TRY IT ▸ Leave out the pictures and output exactly the lines below from the one with "Floral Bottom-Up Blue" down to the one with "Women's Orange Fluffy", both of them included.

[[ STUDY MATERIAL, beginning ]]

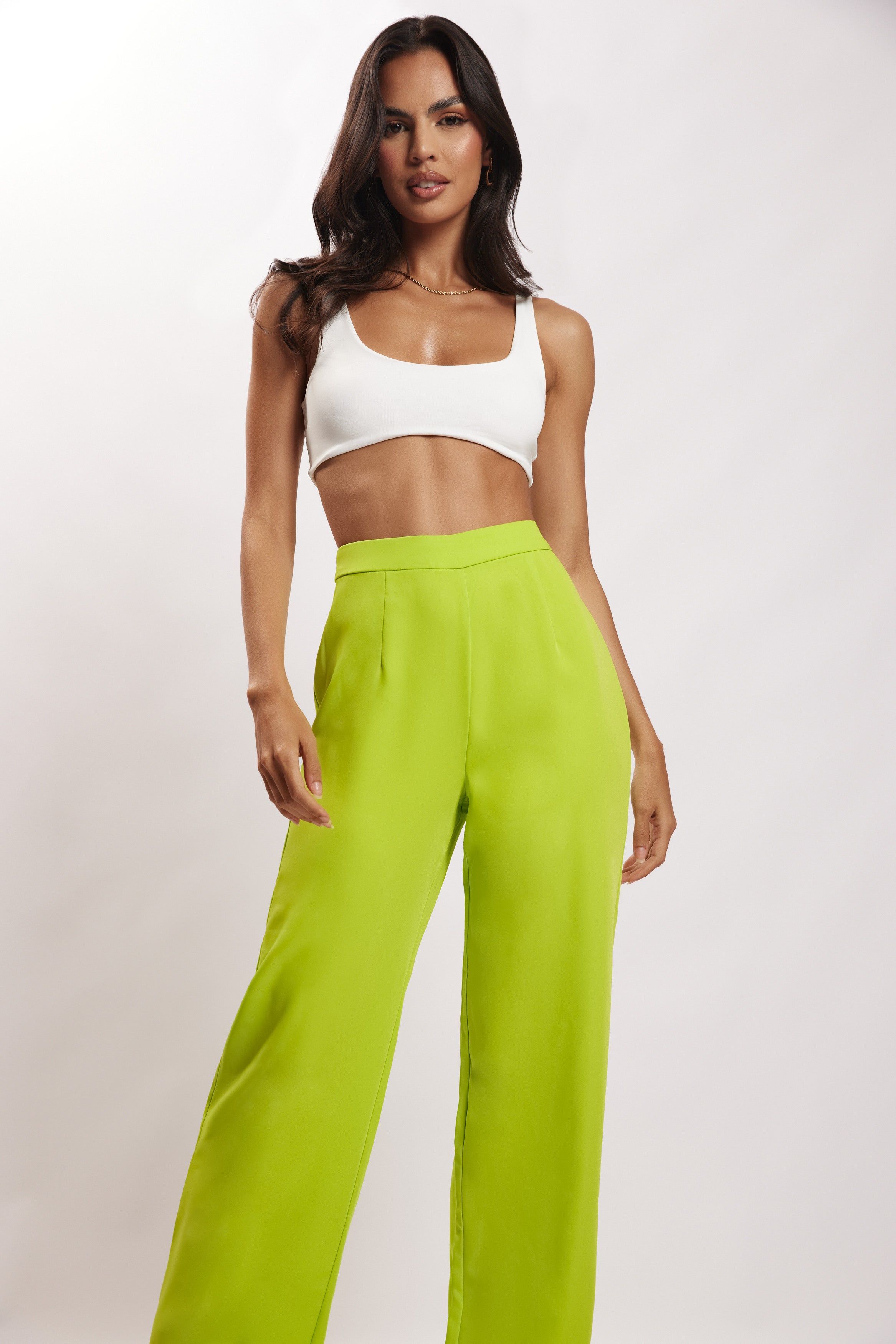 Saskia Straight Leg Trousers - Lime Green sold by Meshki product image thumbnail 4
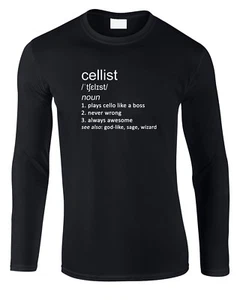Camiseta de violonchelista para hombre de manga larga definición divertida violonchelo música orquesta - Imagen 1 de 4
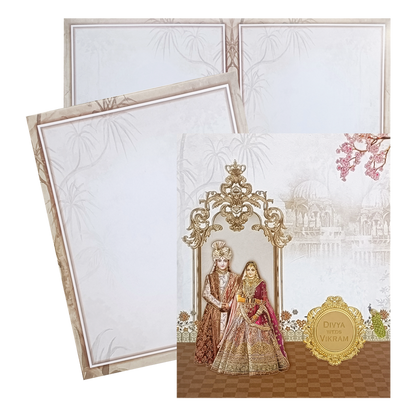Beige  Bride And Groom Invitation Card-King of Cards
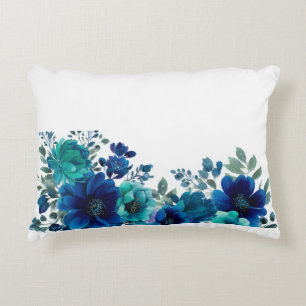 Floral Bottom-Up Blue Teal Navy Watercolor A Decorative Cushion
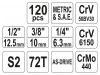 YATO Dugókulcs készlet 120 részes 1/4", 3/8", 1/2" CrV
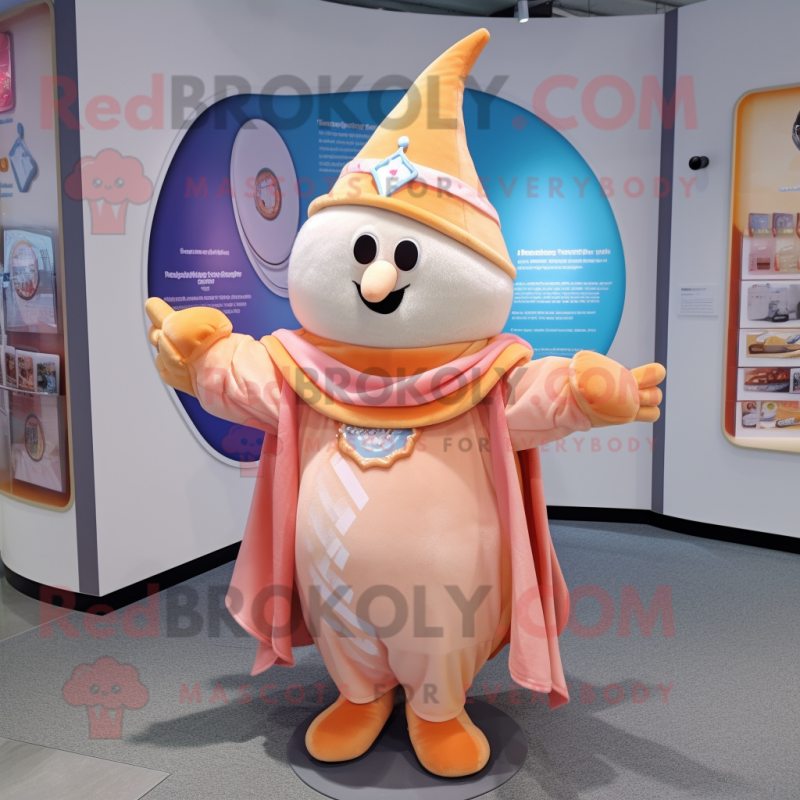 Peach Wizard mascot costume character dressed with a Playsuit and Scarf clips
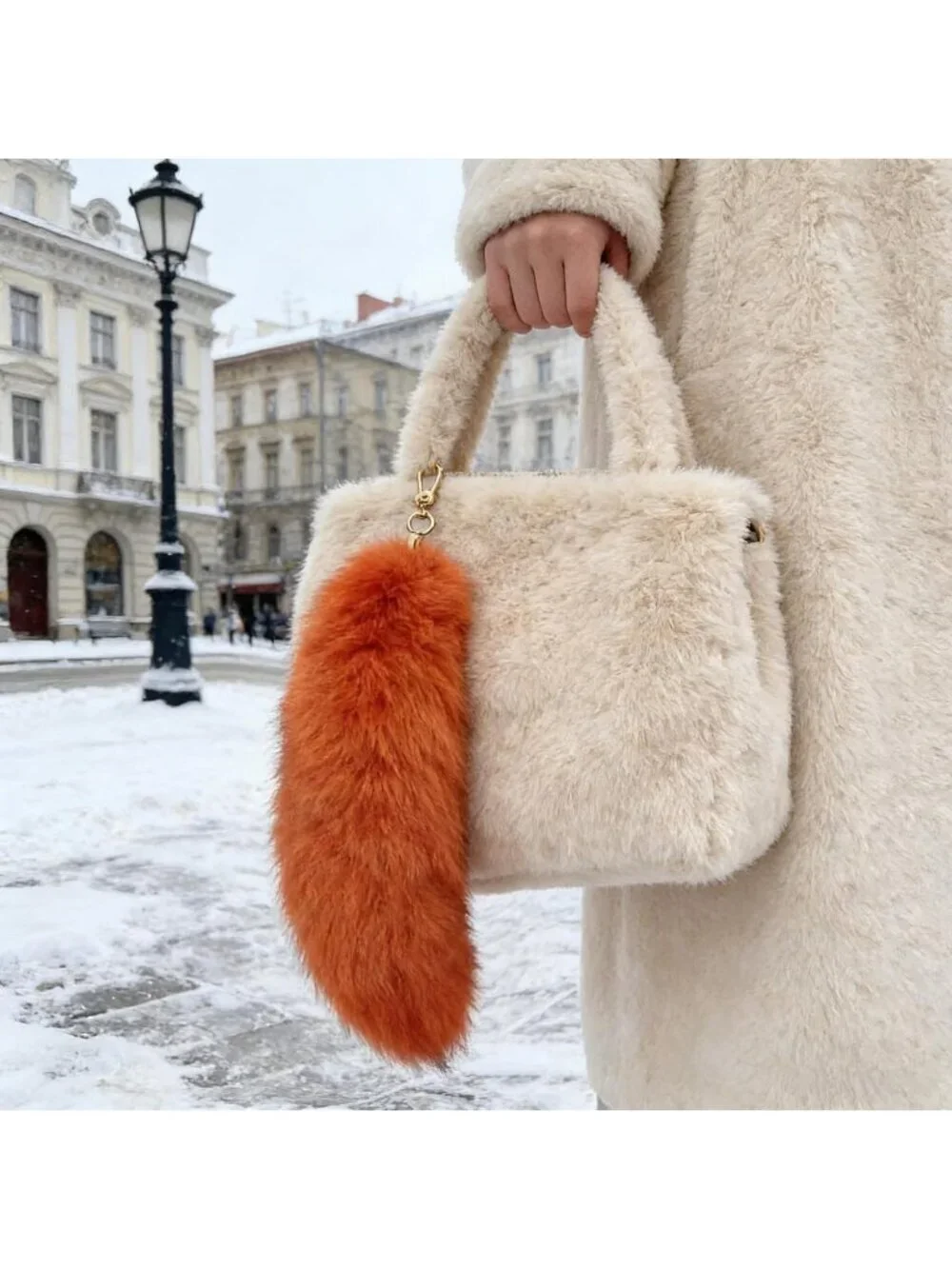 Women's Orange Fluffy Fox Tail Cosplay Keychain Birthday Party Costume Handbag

[[ STUDY MATERIAL, end ]]
[[ STUDY MATERIAL, beginning ]]

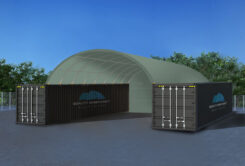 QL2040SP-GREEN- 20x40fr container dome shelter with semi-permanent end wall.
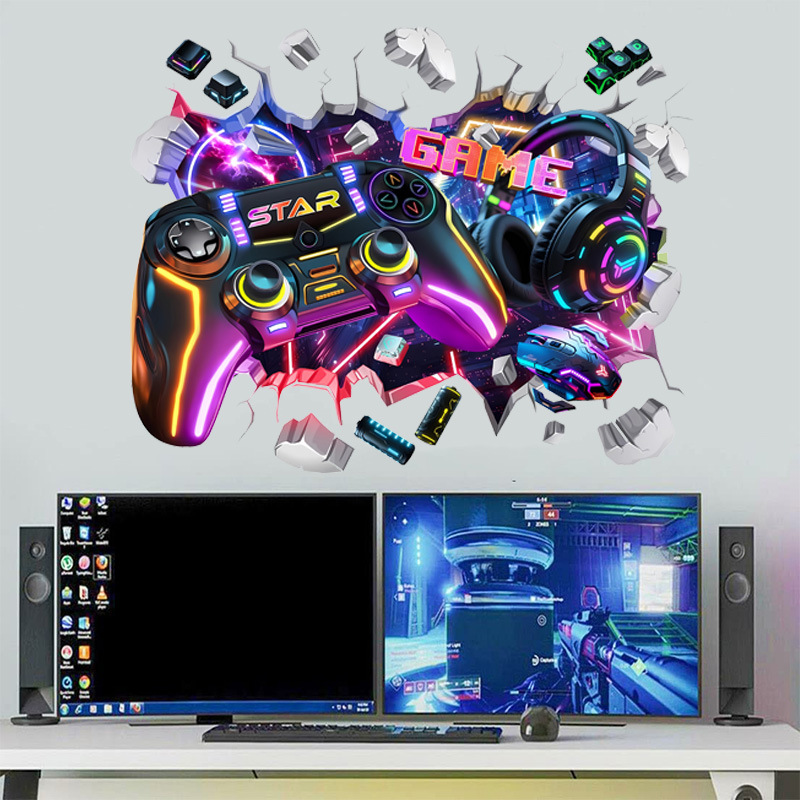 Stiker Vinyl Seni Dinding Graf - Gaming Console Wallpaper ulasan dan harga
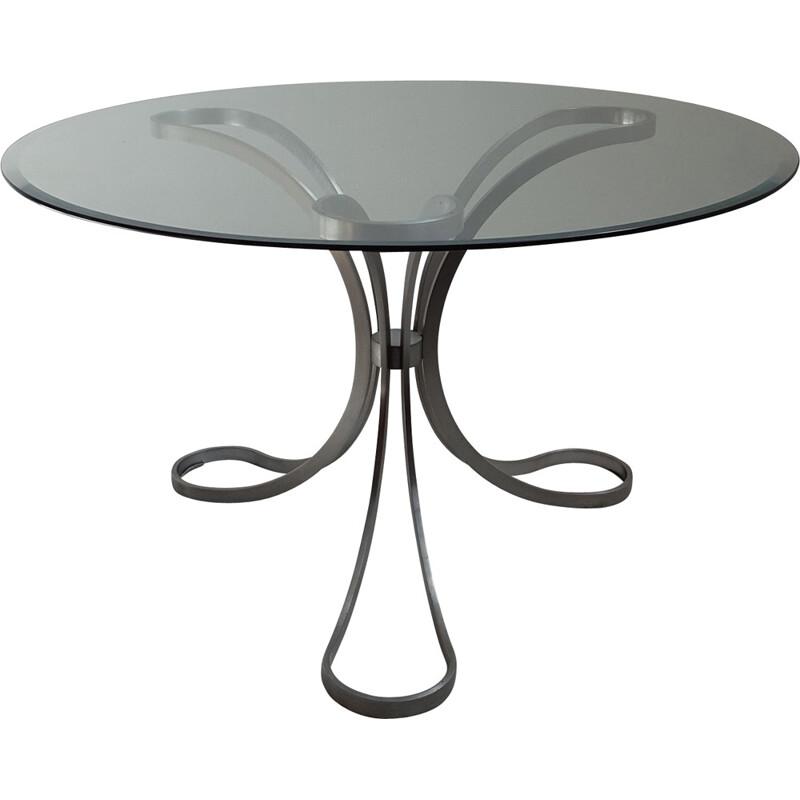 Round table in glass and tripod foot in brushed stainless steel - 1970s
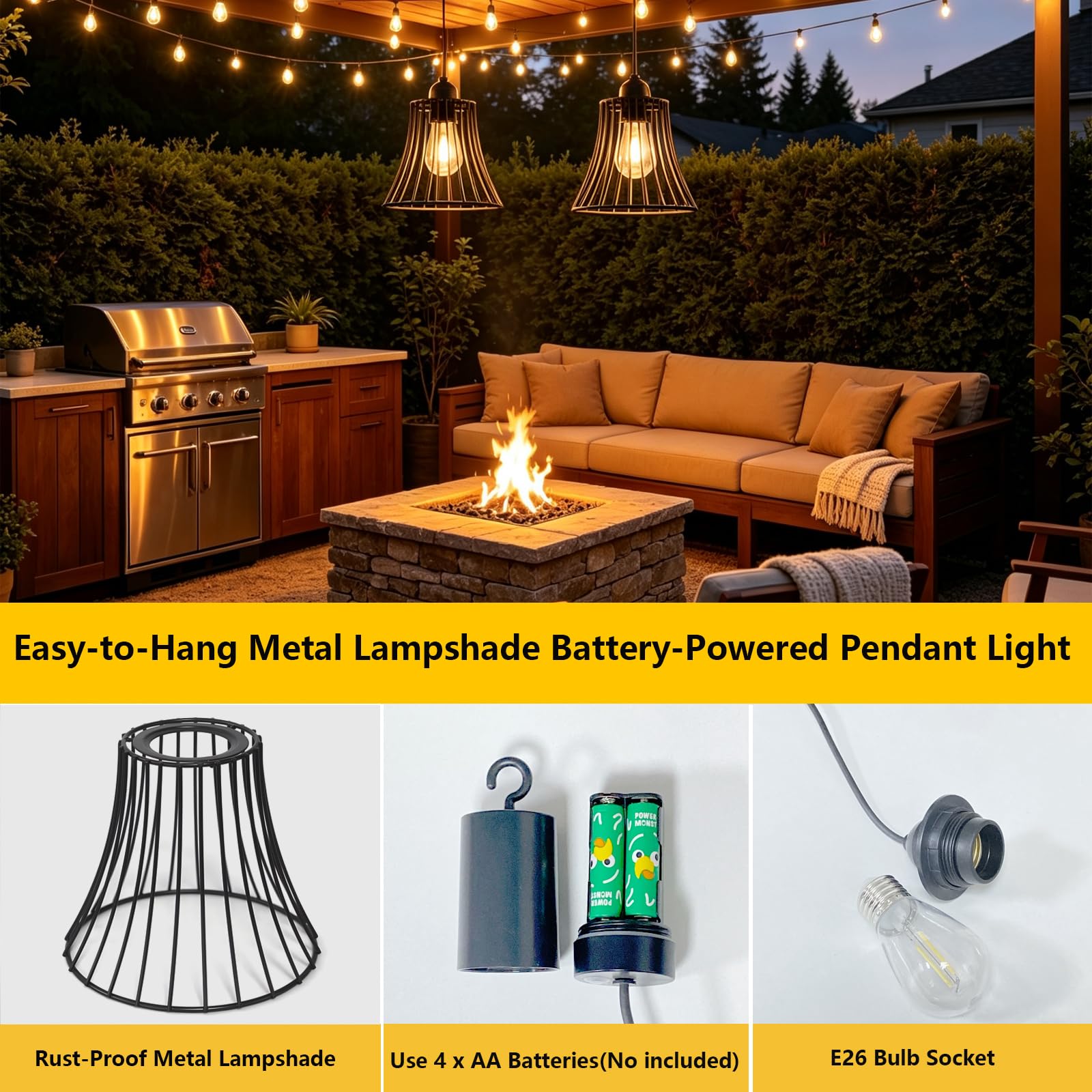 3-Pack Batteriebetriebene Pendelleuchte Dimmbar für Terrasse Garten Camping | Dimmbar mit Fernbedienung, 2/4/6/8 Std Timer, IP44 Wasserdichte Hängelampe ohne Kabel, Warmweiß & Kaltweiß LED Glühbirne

[[ STUDY MATERIAL, end ]]

SOLUTION FOR THIS PROBLEM ▸
 Floral Bottom-Up Blue Teal Navy Watercolor A Decorative Cushion
 YATO Dugókulcs készlet 120 részes 1/4", 3/8", 1/2" CrV
 Peach Wizard mascot costume character dressed with a Playsuit and Scarf clips
 Women's Orange Fluffy Fox Tail Cosplay Keychain Birthday Party Costume Handbag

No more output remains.